Os trabalhos são desenvolvidos com o apoio de Grupos de Trabalho – GT’s, constituídos por representantes das entidades participantes da Câmara Ambiental e convidados, tanto do setor público como privado. Nos GT’s os trabalhos são realizados por meio de reuniões técnicas, além de visitas e seminários.

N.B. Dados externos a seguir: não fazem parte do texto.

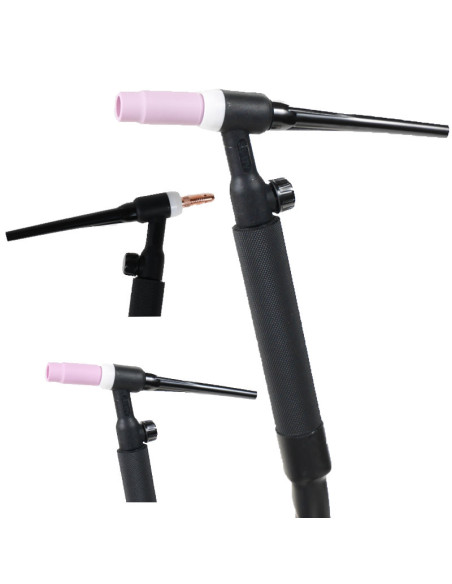 Uchwyt TIG Lift SR 17V TIG z zaworkiem -SK 35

Criados por meio de Resolução da Presidência da Cetesb, os Grupos de Trabalho têm como incumbência discutir procedimentos de Normas e Legislações aplicáveis no Estado de São de Paulo, de acordo com projetos básicos apresentados pelos membros do Setor Produtivo e do Sistema Ambiental.

GT.1 – Resíduos Sólidos

Objetivo: apontar oportunidades de melhorias, no que se refere ao tema Resíduos Sólidos, já que no processo de fabricação de celulose e papel há a geração de resíduos que possuem grandes potenciais como reutilização e comercialização, tornando-o assim, um subproduto para outros processos.

Resolução nº 005/2018/P, de 23 de janeiro de 2018

Coordenação Cetesb:
Titular: João Humberto Sumere
Suplente: Patricia Souza M. Barbosa

SETOR: Jonas Vitti
Status: Redação final do produto aprovada em Plenária de 12.12.2019, com ressalvas para revisão de texto, a ser submetida para consenso.